## Prompt
Transcribe exactly, please, the lines from the one containing "Casa 98 m² Danilovgrad, Montenegro" through the end of the records below, and leave out the pictures.

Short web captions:
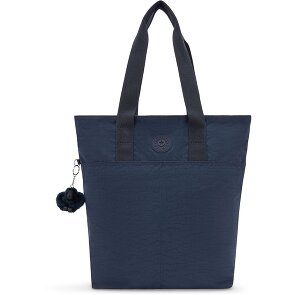 Kipling Basic Hanifa Shoulder Bag 39 cm Laptop compartment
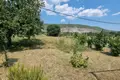 Casa 98 m² Danilovgrad, Montenegro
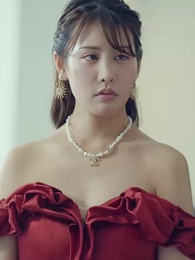 Episodio 31 - [Doblado]Cuando dejé de amarte, recuperé mi voz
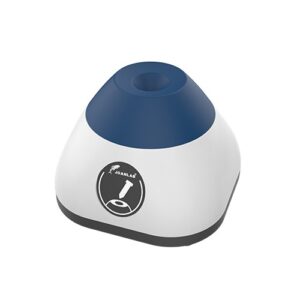 Mini Vortex Mixer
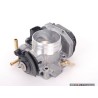CUERPO ACELERACION (06A133064H)  CUERPO ACELERACION JETTA A4 NB 2.0 LT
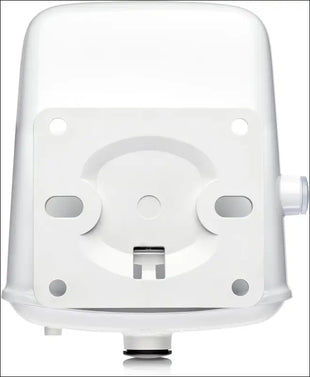 HPE Networking Instant on Access Point AP17 2X2 Wifi 5 Outdoor Wireless Access Point | Power Source Not Included | RW Rest-Of-World Model (R2X11A)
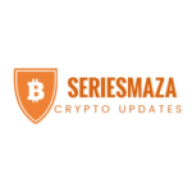 seriesmaza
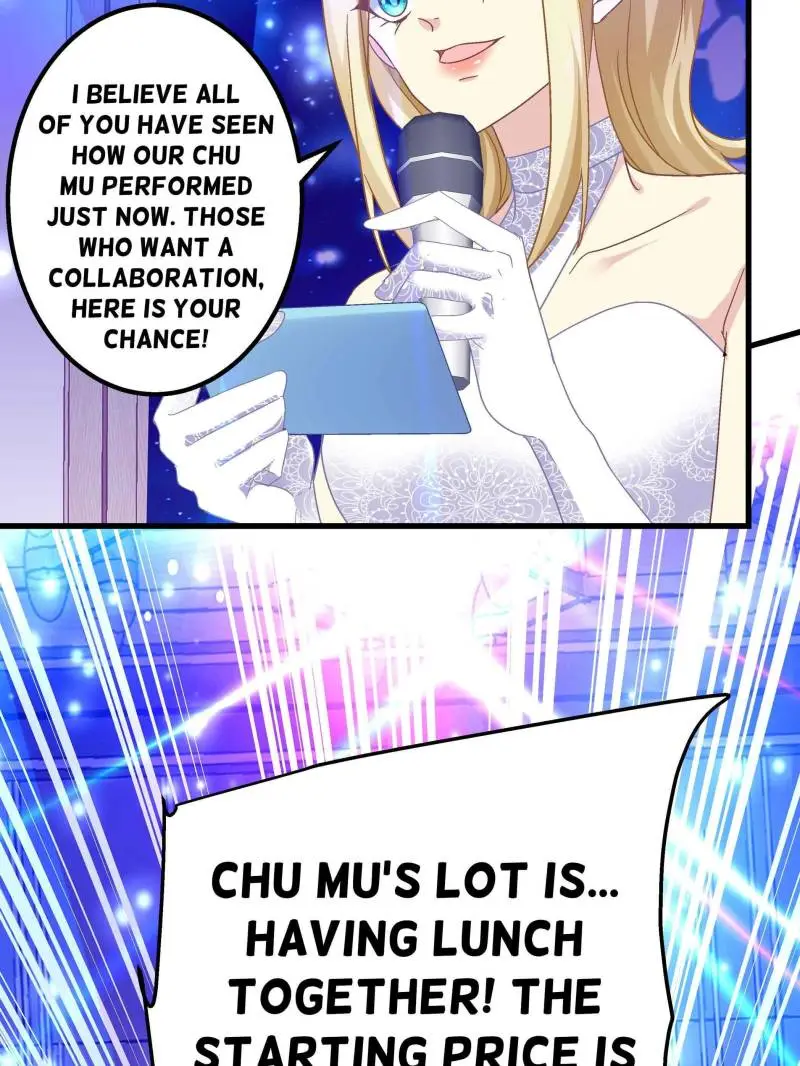 Page 23 of Chapter 126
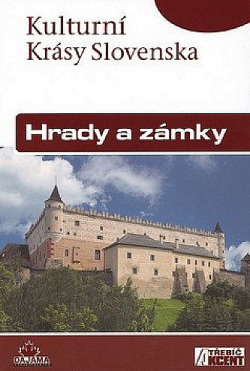 Hrady a zámky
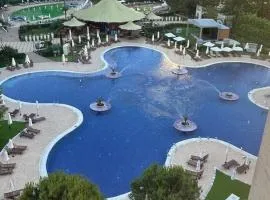 Barcelo Royal Beach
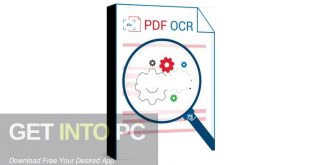 ORPALIS-PDF-OCR-Professional-2021-Free-Download-GetintoPC.com_.jpg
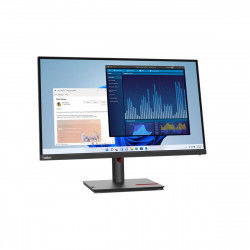 Monitor Lenovo T27p-30 27" 4K Ultra HD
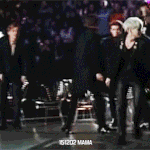 [방탄소년단] 민윤기 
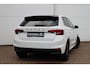 Skoda Fabia 1.0 TSI Business Edition Black Edition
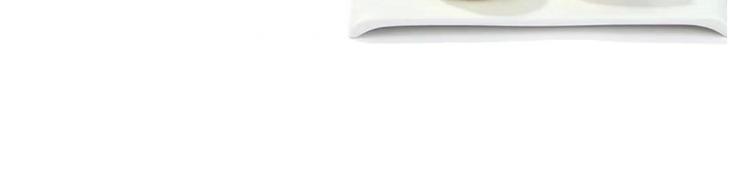番外 中秋不会孤单79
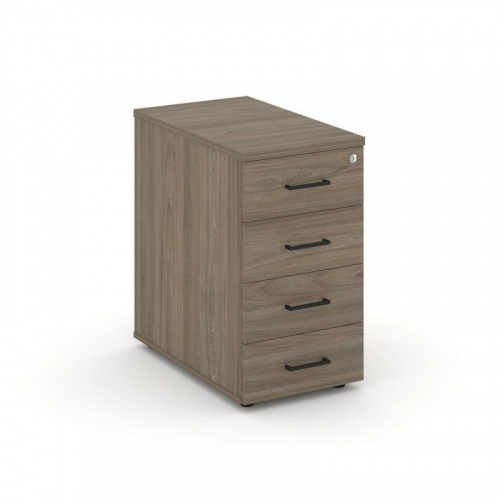 Тумба опорная/приставная Style Project SN.TOP-001 фото 16 Тумба опорная/приставная Style Project SN.TOP-001 фото 16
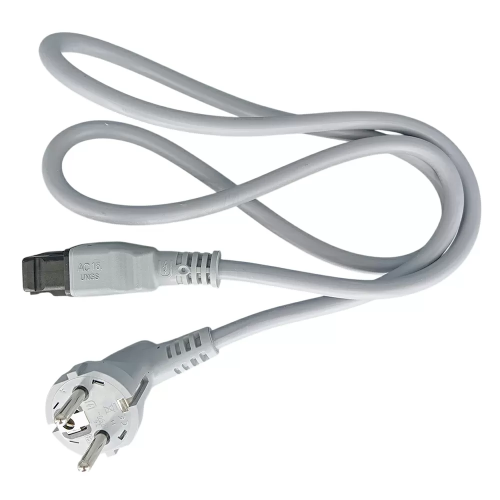 Сетевой шнур для духового шкафа Bosch 12034953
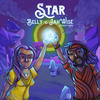 Star - Jahwise Productions&Belly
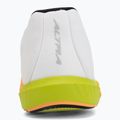 Pánska bežecká obuv Altra Escalante 4 white/orange 6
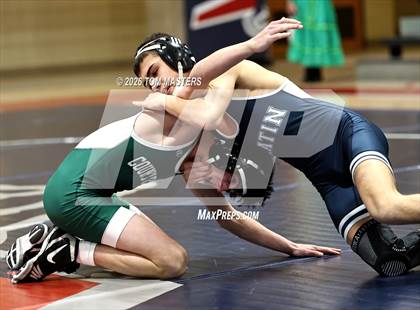Thumbnail 3 in CISAA Championship photogallery.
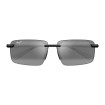 MAUI JIM MJ0626S 004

## Exercise solution
 Casa 98 m² Danilovgrad, Montenegro
 Episodio 31 - [Doblado]Cuando dejé de amarte, recuperé mi voz
 Mini Vortex Mixer
CUERPO ACELERACION (06A133064H)  CUERPO ACELERACION JETTA A4 NB 2.0 LT
 HPE Networking Instant on Access Point AP17 2X2 Wifi 5 Outdoor Wireless Access Point | Power Source Not Included | RW Rest-Of-World Model (R2X11A)
 seriesmaza
 Page 23 of Chapter 126
 Hrady a zámky
 Barcelo Royal Beach
 ORPALIS-PDF-OCR-Professional-2021-Free-Download-GetintoPC.com_.jpg
 Monitor Lenovo T27p-30 27" 4K Ultra HD
 [방탄소년단] 민윤기 
 Skoda Fabia 1.0 TSI Business Edition Black Edition
番外 中秋不会孤单79
 Тумба опорная/приставная Style Project SN.TOP-001 фото 16 Тумба опорная/приставная Style Project SN.TOP-001 фото 16
 Сетевой шнур для духового шкафа Bosch 12034953
 Star - Jahwise Productions&Belly
 Pánska bežecká obuv Altra Escalante 4 white/orange 6
Thumbnail 3 in CISAA Championship photogallery.
 MAUI JIM MJ0626S 004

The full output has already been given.